**DATA IN THIS EXERCISE**

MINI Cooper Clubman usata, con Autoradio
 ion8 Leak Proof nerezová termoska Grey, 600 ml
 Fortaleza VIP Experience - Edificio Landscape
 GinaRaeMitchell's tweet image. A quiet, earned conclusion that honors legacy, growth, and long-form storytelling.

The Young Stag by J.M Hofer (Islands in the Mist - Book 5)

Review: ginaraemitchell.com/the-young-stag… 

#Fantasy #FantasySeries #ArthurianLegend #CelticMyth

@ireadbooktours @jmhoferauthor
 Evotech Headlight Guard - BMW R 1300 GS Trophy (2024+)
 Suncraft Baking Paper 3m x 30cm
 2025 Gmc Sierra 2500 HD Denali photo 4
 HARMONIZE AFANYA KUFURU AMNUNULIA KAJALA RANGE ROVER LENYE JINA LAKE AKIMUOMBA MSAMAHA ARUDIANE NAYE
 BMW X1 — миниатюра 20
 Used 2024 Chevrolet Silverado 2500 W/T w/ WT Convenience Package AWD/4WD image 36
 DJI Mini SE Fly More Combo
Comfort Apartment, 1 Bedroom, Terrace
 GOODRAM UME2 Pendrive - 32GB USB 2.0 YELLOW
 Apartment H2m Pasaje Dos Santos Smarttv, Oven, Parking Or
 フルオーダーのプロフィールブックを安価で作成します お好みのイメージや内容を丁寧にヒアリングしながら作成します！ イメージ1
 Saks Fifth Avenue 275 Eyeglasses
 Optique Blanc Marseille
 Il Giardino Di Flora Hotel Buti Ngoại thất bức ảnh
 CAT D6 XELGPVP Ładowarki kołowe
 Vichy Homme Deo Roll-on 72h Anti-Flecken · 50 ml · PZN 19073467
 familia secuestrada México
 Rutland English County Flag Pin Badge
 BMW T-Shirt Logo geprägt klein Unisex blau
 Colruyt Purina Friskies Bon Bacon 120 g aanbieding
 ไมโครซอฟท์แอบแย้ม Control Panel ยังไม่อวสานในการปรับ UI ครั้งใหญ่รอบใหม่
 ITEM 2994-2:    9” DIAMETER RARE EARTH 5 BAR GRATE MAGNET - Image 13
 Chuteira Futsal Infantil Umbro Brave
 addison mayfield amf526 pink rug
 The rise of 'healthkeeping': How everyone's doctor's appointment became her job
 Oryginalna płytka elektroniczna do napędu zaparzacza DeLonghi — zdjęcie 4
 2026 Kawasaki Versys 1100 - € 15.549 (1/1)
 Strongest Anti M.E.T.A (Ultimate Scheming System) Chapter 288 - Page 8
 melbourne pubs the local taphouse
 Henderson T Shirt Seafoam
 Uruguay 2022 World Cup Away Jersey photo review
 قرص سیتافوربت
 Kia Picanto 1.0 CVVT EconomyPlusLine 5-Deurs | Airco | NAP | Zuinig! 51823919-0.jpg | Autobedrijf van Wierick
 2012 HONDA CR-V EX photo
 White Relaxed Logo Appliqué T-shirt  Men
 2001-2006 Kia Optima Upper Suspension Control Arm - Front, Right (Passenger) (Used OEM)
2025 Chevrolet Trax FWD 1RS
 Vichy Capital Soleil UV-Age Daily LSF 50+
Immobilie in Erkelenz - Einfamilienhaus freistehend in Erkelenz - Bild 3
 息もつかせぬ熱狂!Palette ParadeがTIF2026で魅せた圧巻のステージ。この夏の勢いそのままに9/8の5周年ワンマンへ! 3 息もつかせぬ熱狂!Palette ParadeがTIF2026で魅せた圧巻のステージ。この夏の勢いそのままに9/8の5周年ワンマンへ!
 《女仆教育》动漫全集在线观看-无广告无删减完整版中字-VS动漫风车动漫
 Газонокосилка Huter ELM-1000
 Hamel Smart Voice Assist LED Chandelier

**TASK TO COMPLETE**
How many lines in the records contain the word "Control"? Reply with that number only.

**RESPONSE BELOW**
2